With Cuckoo, Felker-Martin forsakes euphemism to paint an exacting portrait of the campers whose lack of power begins with the wrongness of their bodies. In her extended descriptions of the Cuckoo’s unearthly incarnation, we see the same unflinching language reconstituted to convey its fleshy, weeping, even gynecological horror. Two different kinds of monster held up for our comparison—how could we fail to tell the difference? How could anyone?
With research showing a relationship between conversion therapy and suicidality, use of the term “survivor” for those who’ve undergone the former is hardly overstated—least of all in the case of the refugees of Camp Resolution. It’s nothing short of a hard-earned miracle that some (though not all) of our original campers make their hair-raising escape through the desert to the nearest town where, devastated by their ordeal and aware they can never return home with the story they have to tell, they begin their lives as runaways with the help of Jo’s grandfather. Though safe for the moment, their relief is hardly commensurate with their suffering; thanks to trauma, it never is. Shelby, Lara, Felix, John, Mal, and Jo may have made it out of Camp Resolution, but, like so many queer and trans adults, they must continue to live on inside of their memories.

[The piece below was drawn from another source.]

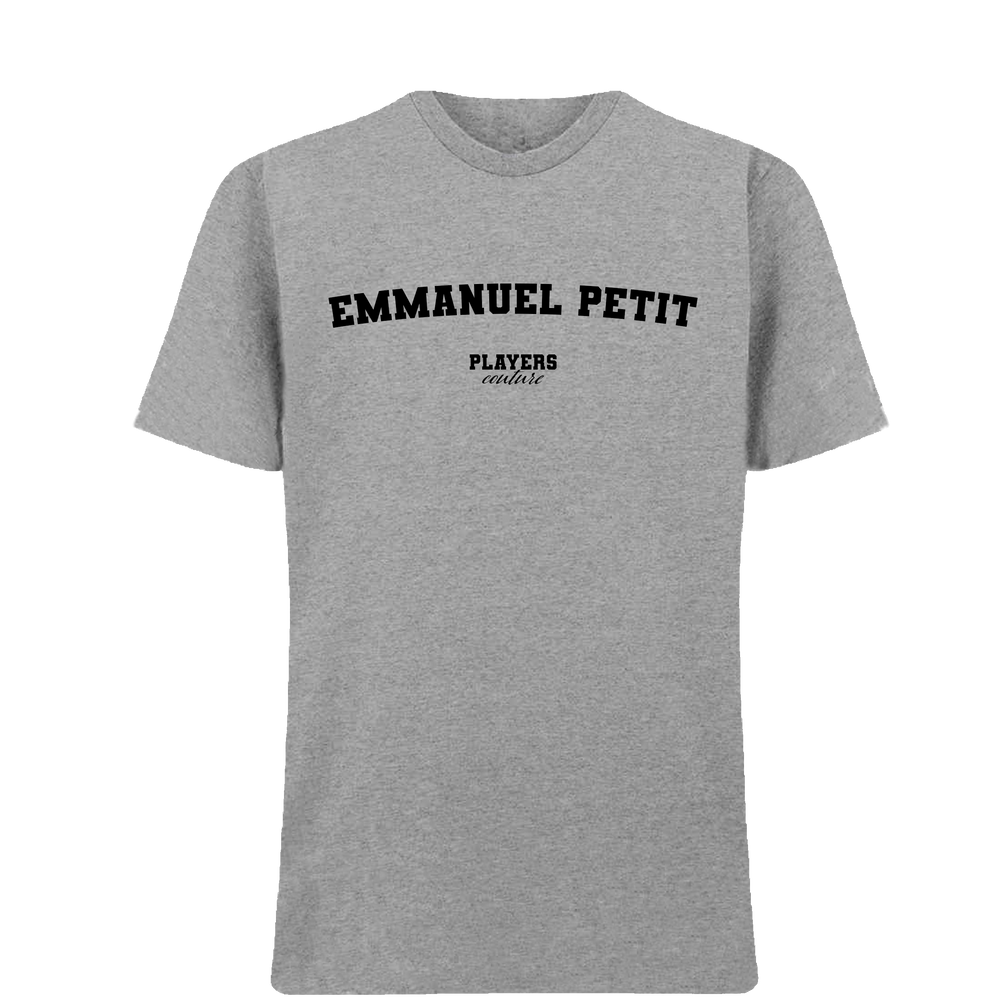 Emmanuel Petit Players Couture Mens T-Shirt Gray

In the 16 years between Parts 1 and 2 of Cuckoo, only Felix keeps tabs on the monster, following its cross-continental metastasization with the help of online forums and lonely stakeouts at suspected conversion camps, which as the nineties fade into the past have had to become more clandestine since his summer in Camp Resolution. His fellow survivors, now spread across the country in various stages of dysfunction and levels of contact, can deny or ignore it all they want. The Cuckoo knows time, and just about everything else, is on its side.
Like the Losers Club of Stephen King’s epic, IT, the campers are summoned by a self-appointed watcher to finish what they started going on two decades later—only their demon is even more formidable than Pennywise. Like the sewer clown plugged into ChatGPT, the Cuckoo iterates rather than replicates, absorbs rather than haunts, consuming entire families at a time and infiltrating the country’s most powerful institutions, its process reminiscent of the climate-driven model of Lyme-carrying ticks and toxic algae blooms. Only Felker-Martin could one-up King with the campers’ Hail Mary plan to take out the Cuckoo once and for all, the mechanism of which is one of her many winks to Cuckoo’s transsexual readers.

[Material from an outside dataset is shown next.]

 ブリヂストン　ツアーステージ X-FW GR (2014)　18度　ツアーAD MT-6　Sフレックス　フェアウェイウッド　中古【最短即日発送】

Cuckoo’s strongest connection to IT, however, lies in its author’s authentic sympathy for young people, one that I sensed when reading King as a child myself. Cuckoo is gory and disturbing, and even its quietest moments of connection are shadowed by tragedy. And yet I would recommend it to any young person, because it takes their vulnerability seriously. As this country’s organized assault on trans children proves, the liberation of all children is the next (final?) frontier of any radical politics, and Felker-Martin understands this better than most. Her dedication at the beginning of Cuckoo reads simply: For all unwanted children.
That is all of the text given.